Below are records to repeat exactly; do not include any pictures.

[Scraped caption text data]

+---+

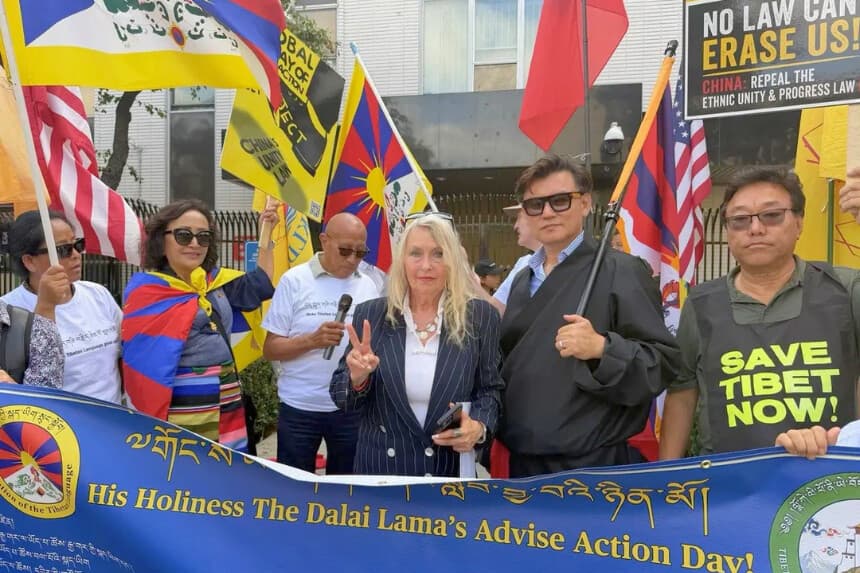 Críticos dicen que ley china de unidad étnica amplía la represión transnacional del PCCh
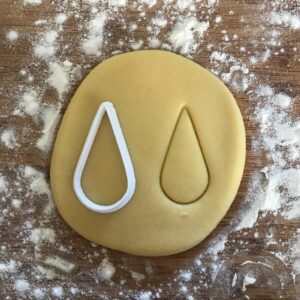 Black Rain Drop Cookie Cutter Mini Crescent Shape Cutter for Baking Polymer Clay Earrings Jewelry Making Fondant Crafts DIY Party Favors Kitchen Tool Creative Supplies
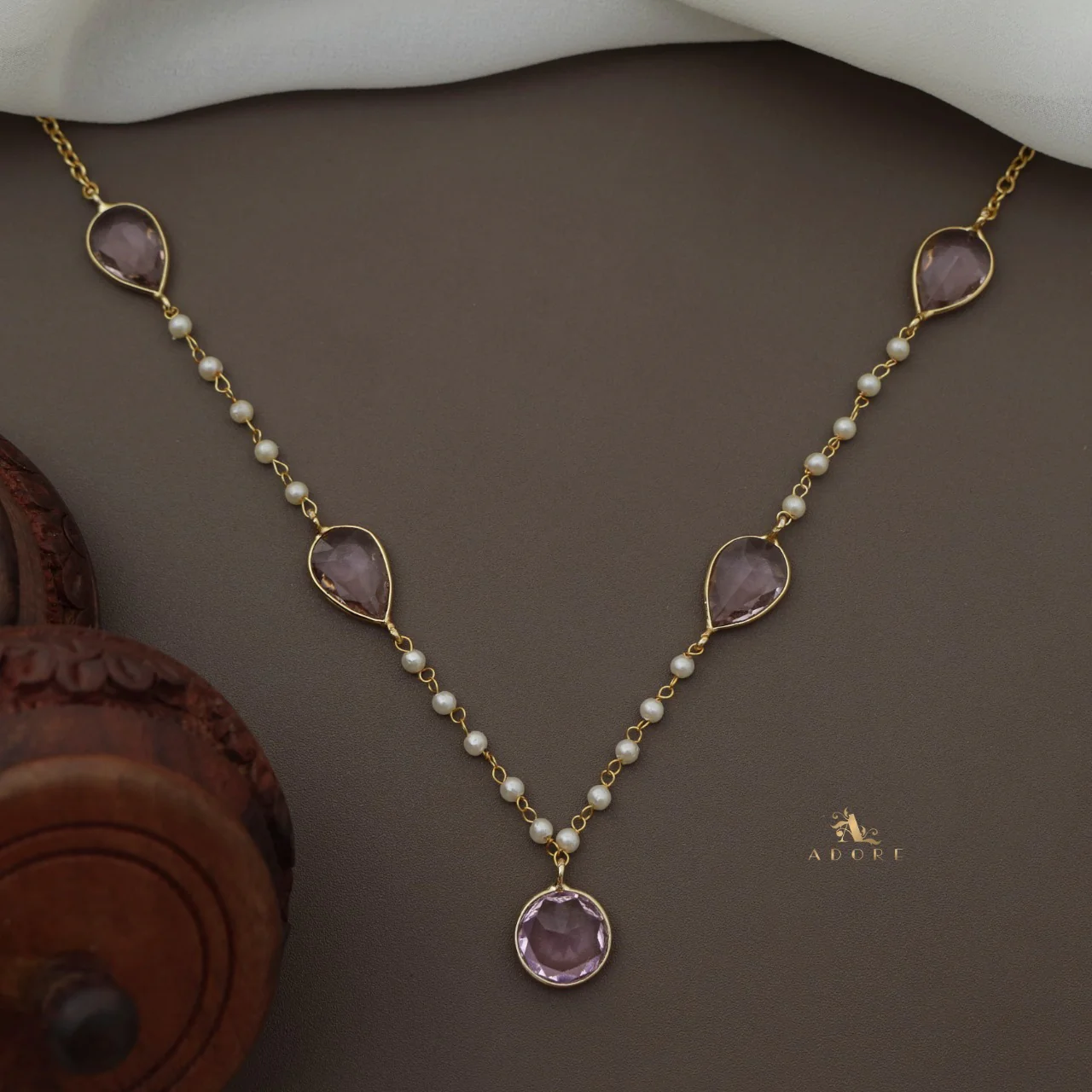 Daysha Glossy Pearl Neckpiece - Image 3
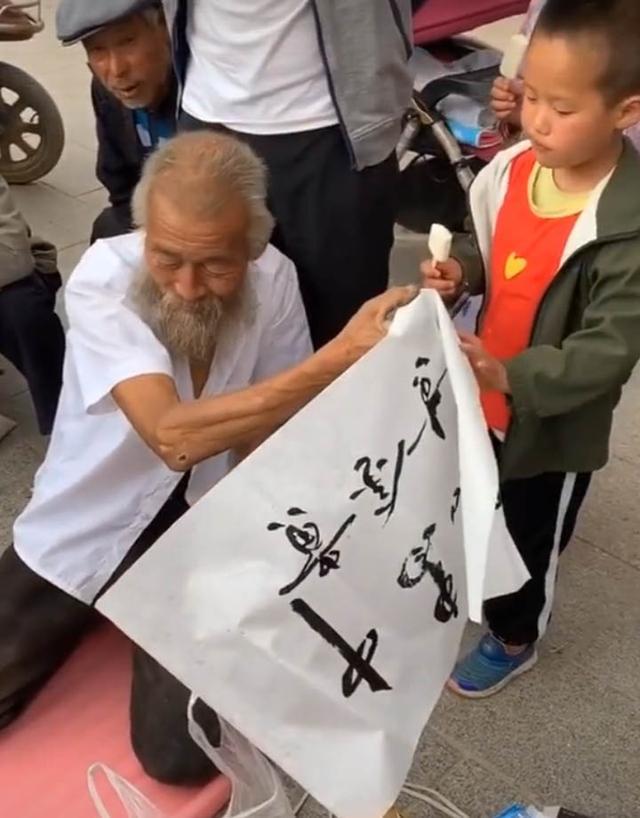 街头再现"流浪大师",靠书法维持生计却异常慷慨,专家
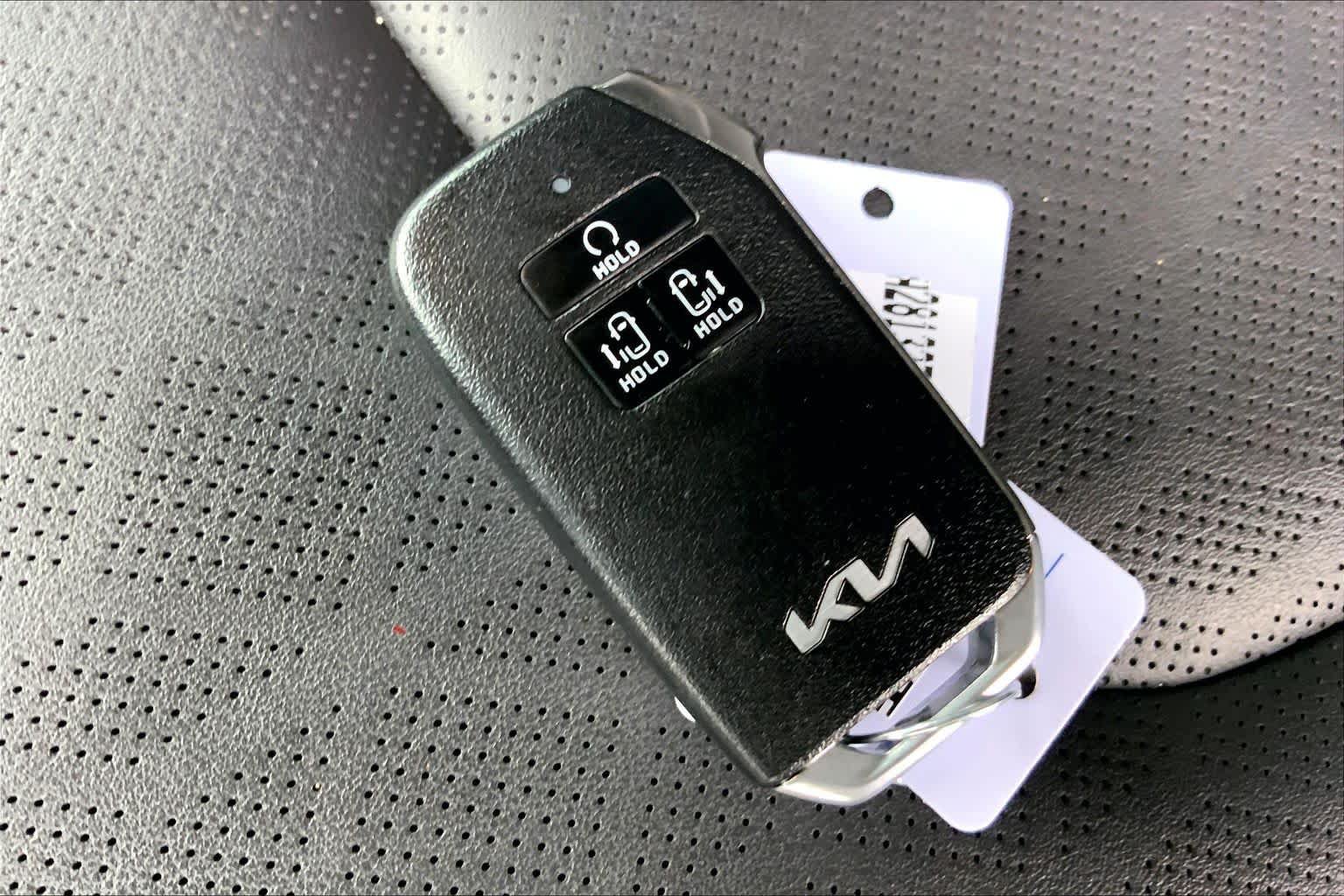 Used 2023 Kia Carnival LX FWD image 19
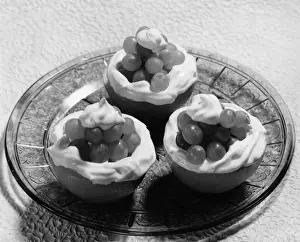 Historical Food And Drink Images Drucke: Orange and Grape Cups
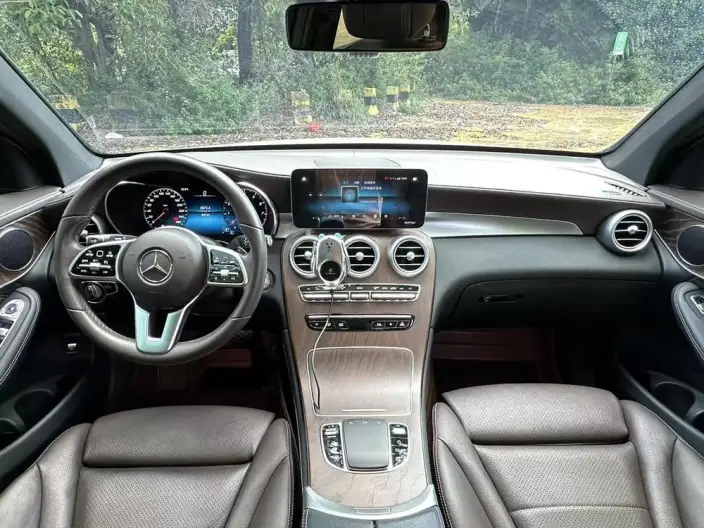 Mercedes-Benz GLC 2020 Model GLC 300 L 4MATIC Dynamic Model – фото 9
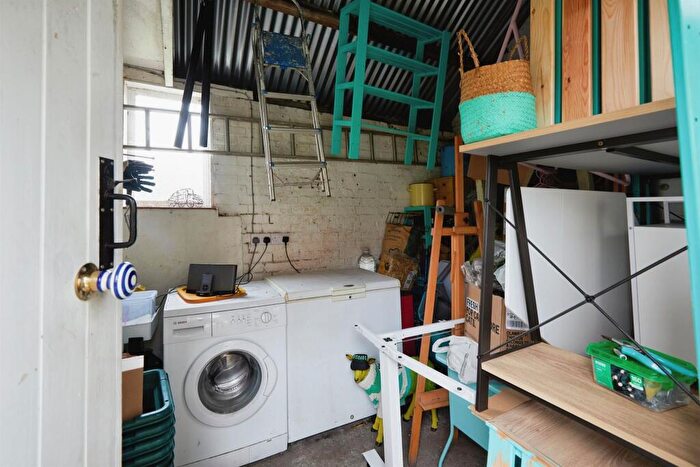 2 Bedroom Character Property For Sale In Bryanston Street, Blandford Forum, DT11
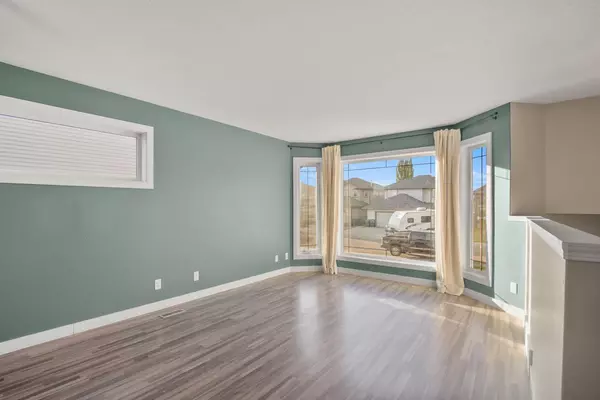 Red Deer, AB T4R 0J3,130 Larsen CRES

+---+

(Task solution):
 Críticos dicen que ley china de unidad étnica amplía la represión transnacional del PCCh
 Black Rain Drop Cookie Cutter Mini Crescent Shape Cutter for Baking Polymer Clay Earrings Jewelry Making Fondant Crafts DIY Party Favors Kitchen Tool Creative Supplies
 Daysha Glossy Pearl Neckpiece - Image 3
 街头再现"流浪大师",靠书法维持生计却异常慷慨,专家
 Used 2023 Kia Carnival LX FWD image 19
 Historical Food And Drink Images Drucke: Orange and Grape Cups
 Mercedes-Benz GLC 2020 Model GLC 300 L 4MATIC Dynamic Model – фото 9
 2 Bedroom Character Property For Sale In Bryanston Street, Blandford Forum, DT11
 Red Deer, AB T4R 0J3,130 Larsen CRES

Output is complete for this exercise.